Skills4Life – Spring Update 2022
The Skills4Life project is at an important stage, with work progressing well across all of our European settings.
Project partners have been hard at work gathering the lived experiences of young people in secure settings throughout the UK, France, Greece and Italy.
The partners met in beautiful Saumur, France this April to share our findings and plan for this next crucial phase. During this transnational meeting, we were able to make strong progress towards unifying our vision of a skills-based curriculum to support the transition of young people from secure settings back into society.

We are pleased to announce that the data collection phase of the project is approaching completion and in the coming month we hope to move on to creating our curriculum content. As our interviews progressed, we began looking at the stories we have gathered from the young people, (some still inside the prison and others after release) and began looking at the common barriers they were experiencing across our settings. These barriers have often involved decision making, access to information and a need to increase vital knowledge and skills.

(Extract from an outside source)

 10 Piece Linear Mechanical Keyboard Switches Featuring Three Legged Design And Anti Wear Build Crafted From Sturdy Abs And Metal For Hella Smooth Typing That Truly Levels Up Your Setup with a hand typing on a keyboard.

These young people have given us valuable insights into their daily lives, and we have used these perspectives to inform the content of the teaching modules. Here are a few short examples of the kinds of things the young people are telling us:
I'm learning well because I want to get out. I don't want to come back here anymore.
17M, France
“I would prefer to stop a little bit and think about everything I should do. To have clear ideas and not be influenced by others. I should make my decisions myself”
17F, Italy
“Relationships inside are frozen, formal, it is very difficult to make friends, you do not exist for me, I do not exist for you, it's kind of like that”
18F, Greece
“In here you’ve got money and it will last, you get everything, you get two meals a day every day and stuff on the side as well as the meals. When we get out most of these lads here won't have that. It’s hard to stay out of trouble because when you get out you’ve got to look for a job and that stuff takes time. It’s just easier to just do it again and go straight back, it’s easy money.